= Joey and Maria's Comedy Italian Wedding =

Joey and Maria's Comedy Italian Wedding is an interactive dinner theater show written by Darlyne Franklin. Rights to the show are owned by Dillstar Productions of Rancho Cucamonga, California and is leased by Beverly Stickney, (president). The shows have been in Anaheim, California, San Diego, California, Palm Springs, California, Chicago, Illinois, Hartford, Connecticut and Boston, Massachusetts.

The show was written by the husband-and-wife team of Paul and Darlyne Franklin.

Audience members are active participants in the wedding nuptials and subsequent reception, which take place in a restaurant in Boston's North End owned by the bride's cousin and the play's master of ceremonies, Carmine Cannoli. The wedding, performed by "St. Anthony's" parish priest Pastor Fazool, brings together the families of two young lovers, Joseph Anthony Gnocchi and Maria Angelina Cavatelli. The cast of characters are all, in fact, named after Italian dishes. Chaos ensues during the ceremony with the unexpected arrival of Joey's provocatively dressed ex-girlfriend, Viola Vermicelli. Viola, it seems, is still in love with Joey. Despite Joey's roving eye, he's very much in love with Maria and loudly protests Viola's arrival. After the couple is joined, the cast leaves the room and are reintroduced one at a time by Carmine. A toast is raised by Joey's scatterbrained best man, Rocco Ravioli. During the toast, dinner is being served to the guests.

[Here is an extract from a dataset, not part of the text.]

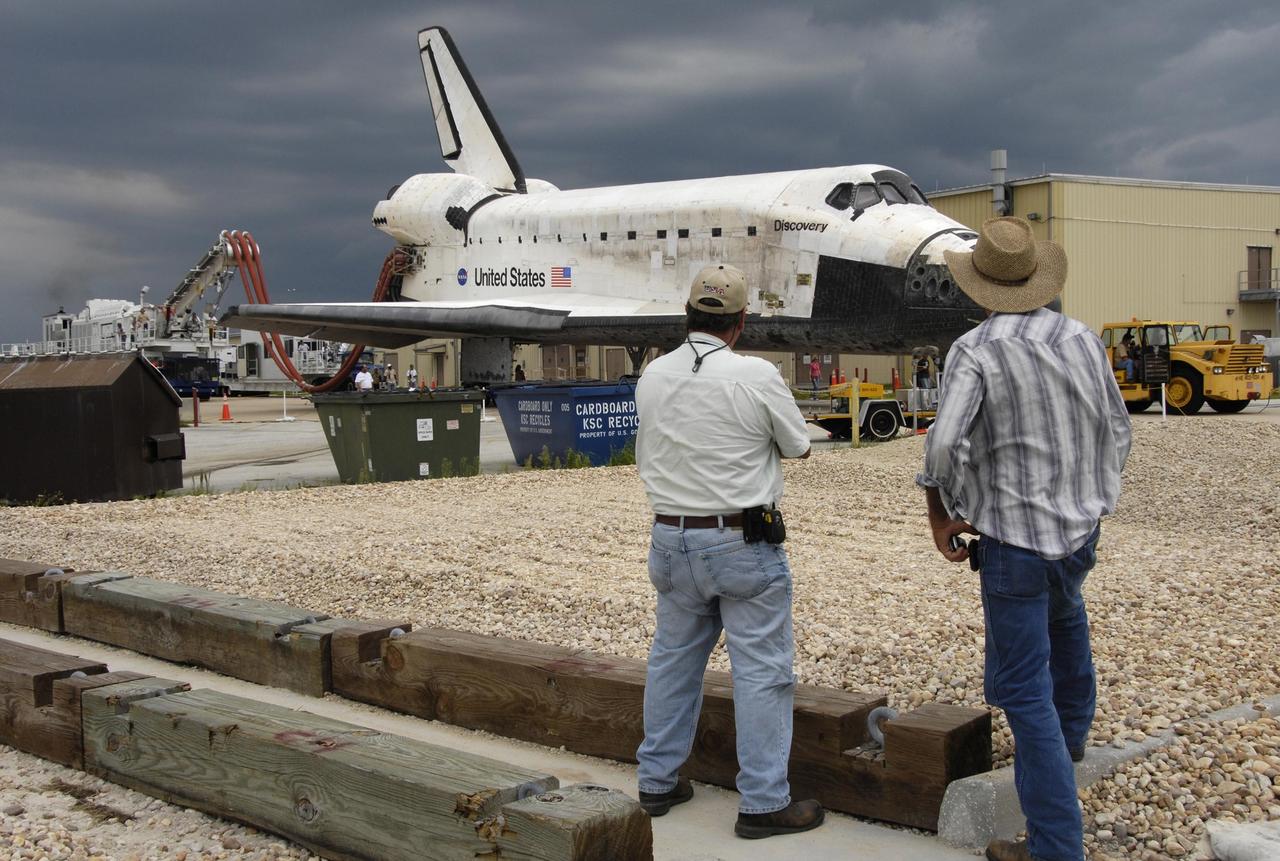 KENNEDY SPACE CENTER, FLA. -   On a two-mile tow from NASA's Shuttle Landing Facility, the orbiter Discovery rolls to the Orbiter Processing Facility.  Umbilical lines for coolant and purge air are still attached.  Discovery landed at the SLF at 9:14 a.m. EDT, completing mission STS-121.  Discovery traveled  5.3 million miles, landing on orbit 202.  Mission elapsed time was 12 days, 18 hours, 37 minutes and 54 seconds.  Main gear touchdown occurred on time at 9:14:43 EDT.  Wheel stop was at 9:15:49 EDT. During the mission, the STS-121 crew tested new equipment and procedures to improve shuttle safety, and delivered supplies and made repairs to the International Space Station.  Photo courtesy of Nikon/Scott Andrews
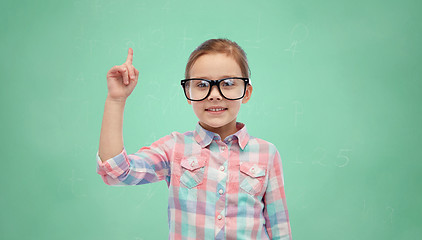 Image showing girl in glasses pointing finger up over green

Upon its completion, the cast moves about the tables, chatting & flirting with the guests. After dinner, the party itself commences with traditional Italian-American flourishes such as a sing-along and a tarantella. The traditional bouquet and garter tosses place the guests who catch them in a rather bizarre and extremely funny onstage situation in which the male guest is asked to remove the garter from the leg of the female guest using only his teeth. The arrival of Maria's Mafioso godfather Don Ziti (often played by a selected good-sport audience member) also means the arrival of a large sum of money for the new couple. The "money" is handed over to Joey's cousin, bridesmaid Louisa Ravioli, for safekeeping. The money later turns up missing and a male guest is "accused" of stealing it. He's led out the door and is met by a hail of gunfire... which misses. Joey & Maria come back dressed in snazzy traveling clothes, ready for one final dance, then off to honeymoon in Vegas & spend some of that wedding dough... "and they all lived happily ever after!"

Very few parts of Joey and Maria's Comedy Italian Wedding are scripted, with the momentum of the play maintained by ad-libbed slapstick humor.